It’s not the commute that bothers us. That same track, under circumstances of excursion or dalliance, would bring us anticipation and joy. It’s the energy- and time-sapping black hole of the workday that awaits us that give the commute its particular tenor. And, being human, we have our ways of projecting this onto everything else.
But the commute does give us time to consider our situation, as here:
Please mind the gap between what you expected and what you’ve got — William Stelle
And it does give us time (if we’re not driving, and sometimes even if we are) to look around us to see how our fellow humans are coping, as here:
station crowds: the netball player threading her way — David Jacobs
Nevertheless, it is the sameness that is the most telling, and most depressing, thing we associate with the commute:
from the morning mist the train lumbers into view same as yesterday — William Mist
This deadening of the soul that nearly all of you attribute to your commute has little to recommend it, but a few of you did manage to find a bit of compensation. My third choice was able to find (admittedly slight) humor in his or her situation:
Motorway to work I curse while contemplating the road less travelled — Evan Flaschen, England
At least the poet was able to recognize that s/he was at least one of the agents in his/her own sorry predicament, that there were other options, and that had s/he chosen another of them, s/he might now actually be moving at speed instead of bumper to bumper on the M1. And is that an allusion to Robert Frost, or just common cultural property?

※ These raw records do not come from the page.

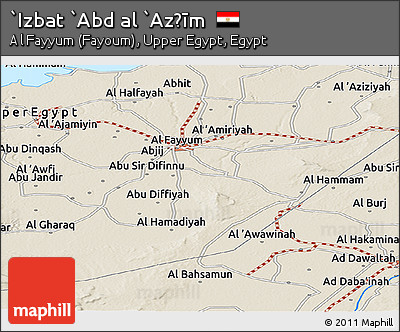 Shaded Relief Panoramic Map of `Izbat `Abd Al `Az̧īm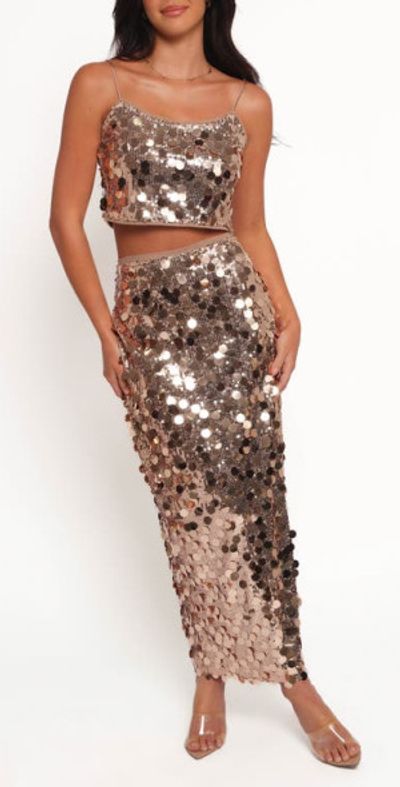 Petal & Pup - Hulu Sequin Crop Camisole & Skirt Set in Rose Gold at Nordstrom, Size Small Petal & Pup - Hulu Sequin Crop Camisole & Skirt Set in Rose Gold at Nordstrom, Size Small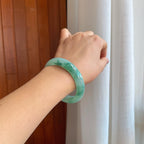 冰种飘花翡翠平安镯（56.7mm）（yc278717）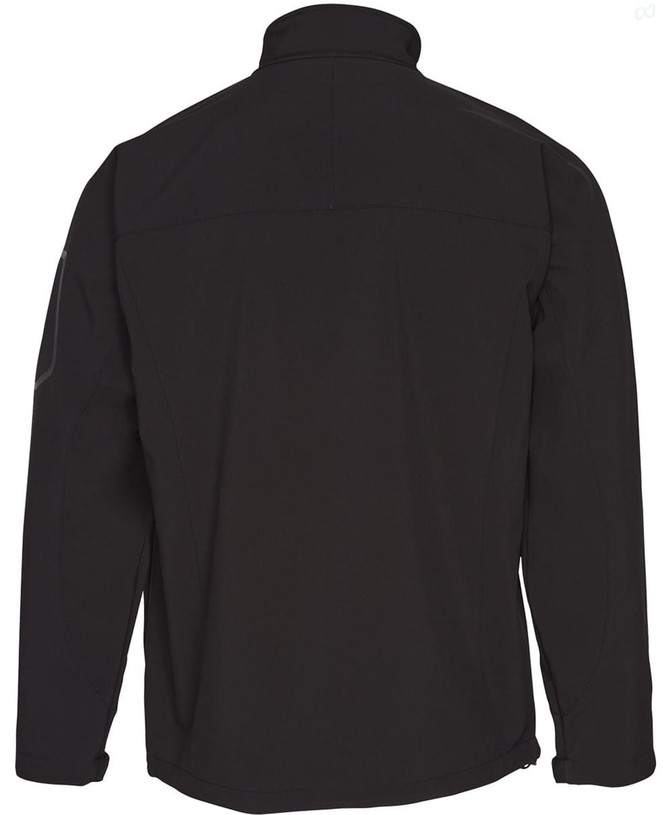 A black softshell jacket featuring a high collar and a logo on the sleeve. The back view displays a sleek design.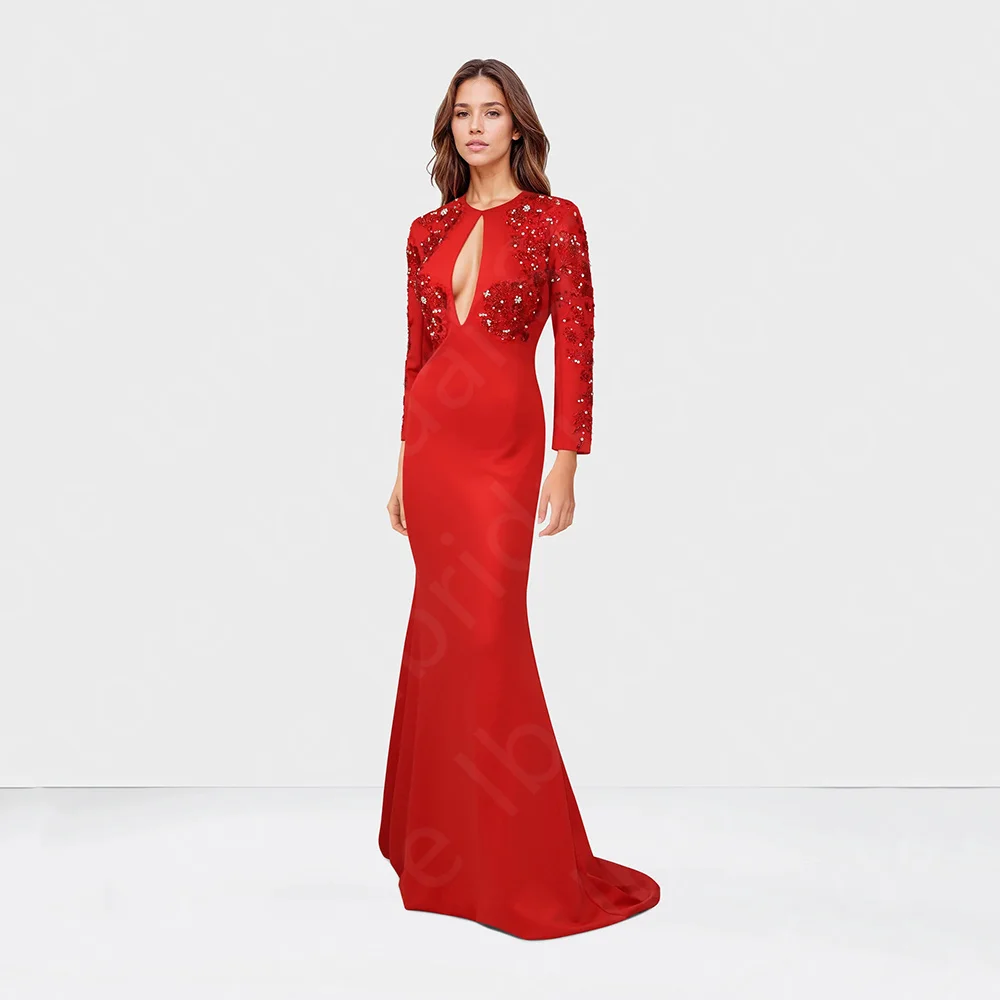 Customized On Sale Red Evening Dresses Mermaid Arabic Prom Gowns Long Sleeves Beading Sequined Wedding Guest Dresses Middle East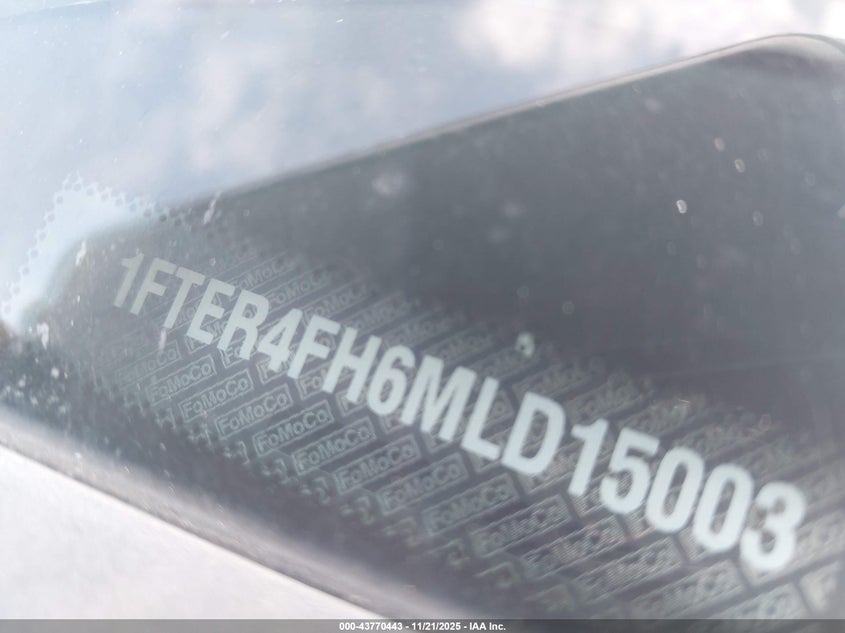 2021 Ford Ranger Lariat VIN: 1FTER4FH6MLD15003 Lot: 43770443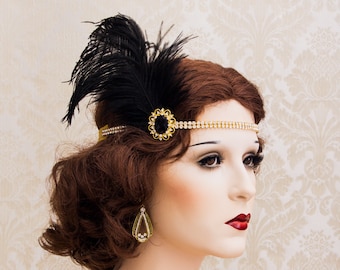 Great Gatsby Headband, Gold Rhinestone Feather Headpiece, Art Deco Hair Accessories, 1920s jewelry, Gatsby Earrings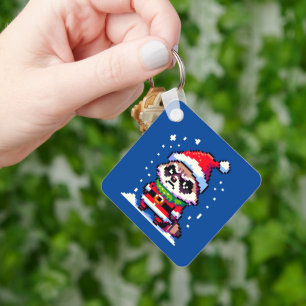 Porte-clés Grumpy Christmas Raccoon - Drôle Pixel Art Holiday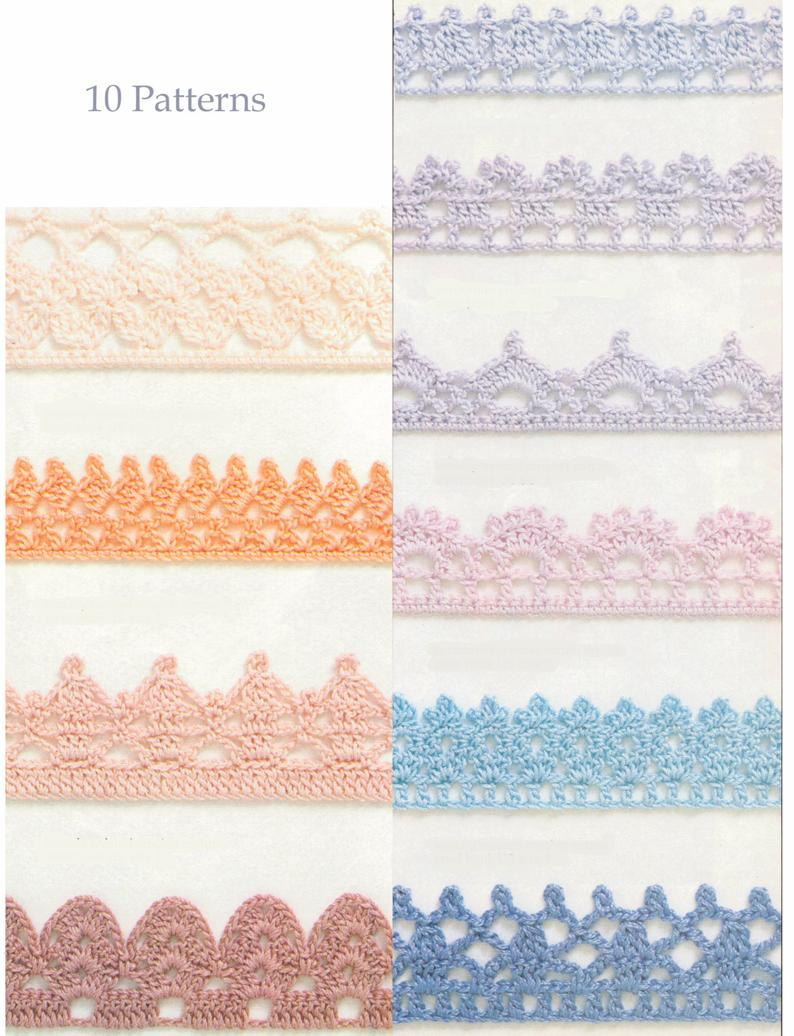 Crochet Trim Patterns Crochet Trim Patterns 10 Pieces Lace Edge Immediate Download Etsy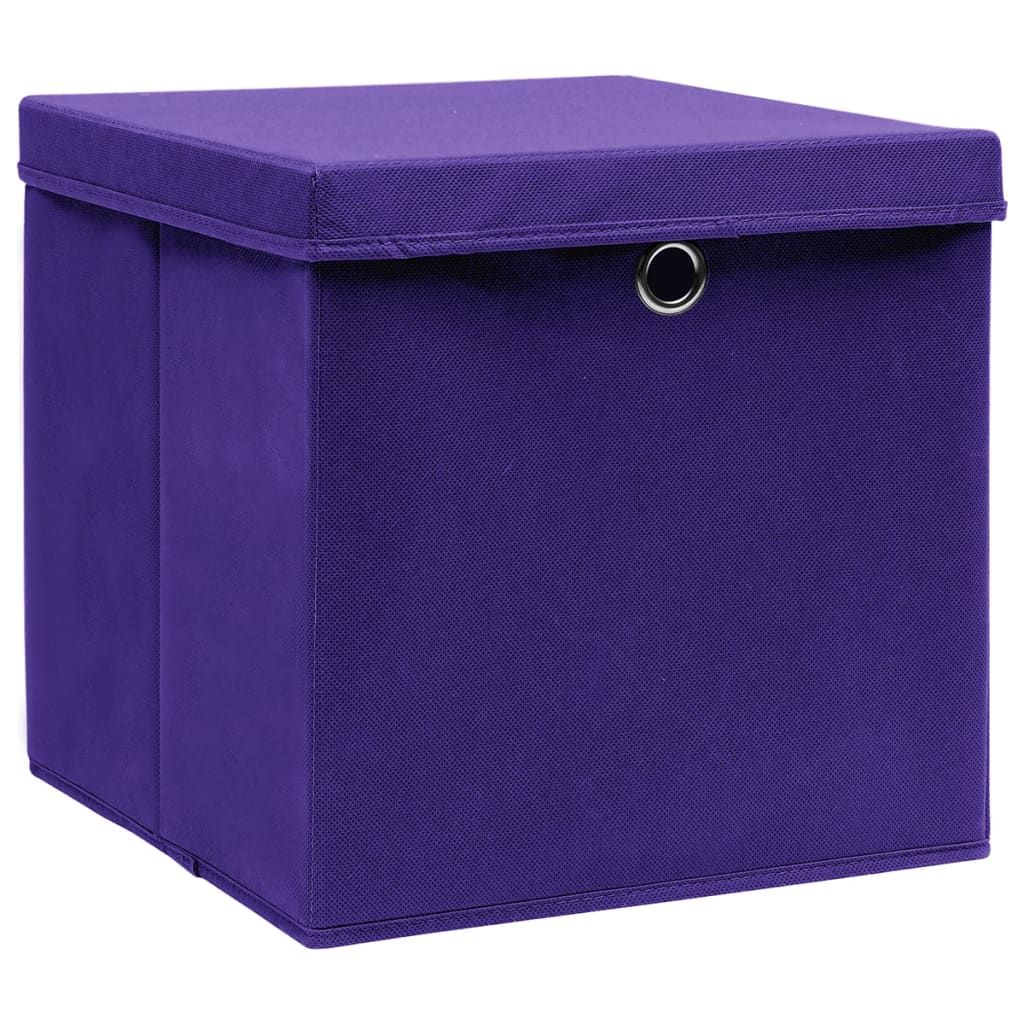 vidaXL Storage Boxes with Covers 10 pcs 28x28x28 cm Purple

The author of my second choice perhaps has dalliance on his or her mind:
Grey sky, autumn drizzle Grey cars on grey pavement — A blue-eyed passerby — Bradley Byington, England
Blue isn’t the greatest contrast to grey—in fact, it might be barely distinguishable—but in the context it comes as a shock. At the very least there is something there to arrest the eye. And a passerby—someone going, presumably, in the other direction. What does she know that I don’t? And I want to find out.
Still, these are private compensations. My top winner manages a magnanimous and communal “we”:
Monday morning we share each other’s rain — Lynne Rees, England
This could be read as a grouse, as nothing more than a cheeky way of saying “Monday morning — and it’s raining too.” But the words contain more: the poet chooses not to be isolated in that rain, but to share it, and when we all share it, it is no longer the elements against us, but rather the elements uniting us in a common lot and a common fate. What a wonderful thing to find in the rain of a Monday morning!
But enough of that — get to work . . .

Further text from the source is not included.